Wednesday, March 16, 2016

Going to the Dogs

My 5-pound high blood pressure generator.
Early this morning, I got up and sat myself in front of my computer. I had every intention of putting together a fabulous blog article, maybe a little something about "me vs. the scale" or something. But I could not concentrate. My thoughts went every which direction, all eventually returning to the furry, sleeping lump in the corner a few feet away from me - and her trip to the veterinarian later today. Knowing I could not write coherently in this mental condition, I gave up and wandered into the living room to watch TV, accompanied by my little friend, wagging her tail,  blissfully unaware she might be spending her last few hours on Earth.

What is it about our pets that allows them this emotional power over our lives? People go absolutely crazy for these furry little bundles of neurotic activity, spending an astonishing amount every year on them - more than 60 Billion in the USA alone last year. They are our surrogate children, our best friends, our confidantes - sometimes the one source of reliable emotional support in our lives. "Love Me Like Me Dog Does" was the desire voiced by C/W artist Billy Currington a few years back, and I totally get where he was coming from. My relationships with people tend to have ups and downs. My relationship with Vixen is pretty much a constant positive reinforcement of my self-image: she seems to think that I am one of the twin pillars that hold up the Universe. (Lor is the other one, of course. That's OK. I suppose I can share.)

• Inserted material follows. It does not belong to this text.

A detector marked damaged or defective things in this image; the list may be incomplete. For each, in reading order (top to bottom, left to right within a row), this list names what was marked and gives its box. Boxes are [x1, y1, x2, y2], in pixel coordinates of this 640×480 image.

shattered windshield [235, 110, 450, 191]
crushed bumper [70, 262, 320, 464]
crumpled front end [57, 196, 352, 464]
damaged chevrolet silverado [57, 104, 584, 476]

And, for weeks now, my fuzzy ego-reinforcer has been in pain every time she goes to the potty. We have tried different diets, we have tried supplements, we have tried prescriptions, and nothing works. Every day, come "potty time" she screams as if we are shoving red-hot pokers into her, until she is finally done. She then ambles away, unconcerned, leaving us traumatized and wondering how we can take care of this - how can we keep her from suffering?

It finally got to be too much, and we scheduled her with our local low-income veterinarian. (And, may I say here, thank God for places like Albuquerque Humane Society.) We knew full well that this might be a blockage in her intestines. A tumor in her abdomen. A tear somewhere along her digestive tract that might not be fixable with our limited resources. Even the amount we were going to use to pay for her office visit today was already budgeted for something else - a major surgery today would be completely out of our reach, and could leave us with the decision to have to euthanize our 6-pound supermodel. The thought of her leaving us forever, of coming home from the vet's office without her, was almost too much to bear.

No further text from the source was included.